Detects exploitation attempts against macOS authentication frameworks such as OpenDirectory or Keychain. Defender perspective includes abnormal crashes in opendirectoryd, unauthorized Keychain API usage, and unusual sudo or login events. Correlation links unexpected process behavior with credential access anomalies.

Log Sources
Data Component Name Channel
Application Log Content (DC0038) macos:unifiedlog opendirectoryd crashes or abnormal authentication errors
Process Creation (DC0032) macos:osquery execve: Processes unexpectedly invoking Keychain or authentication APIs
Mutable Elements
Field Description
WatchedAPIs List of authentication and Keychain-related APIs to monitor for unauthorized access.
CrashCorrelationWindow Time window for correlating authentication service crashes with subsequent suspicious access.

Identity Provider

AN0496

Detects exploitation of vulnerabilities in cloud identity providers (IdPs) such as Azure AD or Okta for credential access.
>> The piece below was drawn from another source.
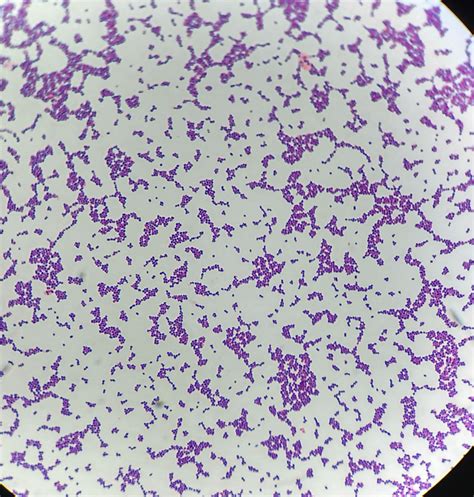 Enterococcus gram stain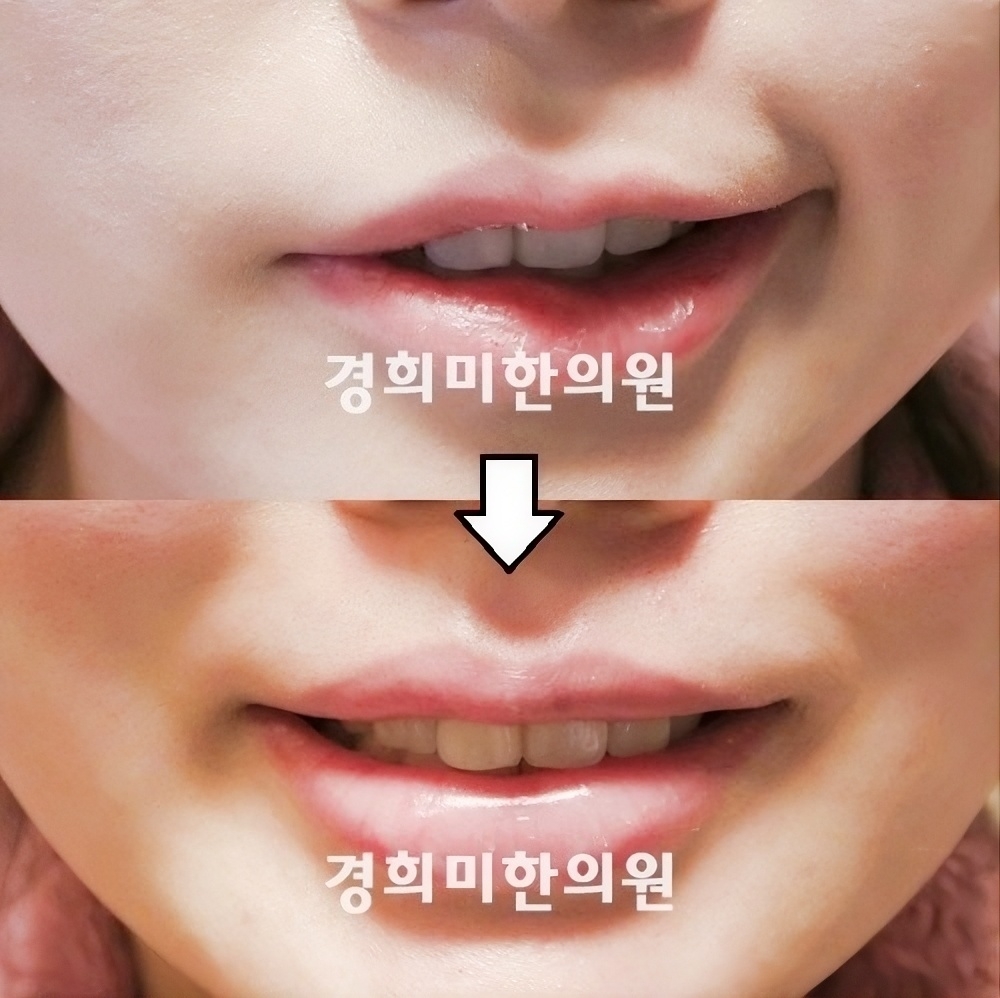 12번-16367(람세이헌트).jpg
Defender perspective includes anomalous token creation or renewal, authentication bypass events, and API abuse to mint unauthorized tokens. Correlation highlights exploitation attempts tied to absent or inconsistent audit logs.

Log Sources
Data Component Name Channel
User Account Authentication (DC0002) azure:signinlogs TokenIssued, TokenRenewed: Unexpected or anomalous token issuance events
Application Log Content (DC0038) m365:unified ConsentGranted: Abuse of application integrations to mint tokens bypassing MFA
Mutable Elements
Field Description
TokenAnomalyThreshold Threshold for anomalous token creation or renewal before alerting.
MonitoredAppIntegrations Applications with privileged access that should be tightly monitored for misuse.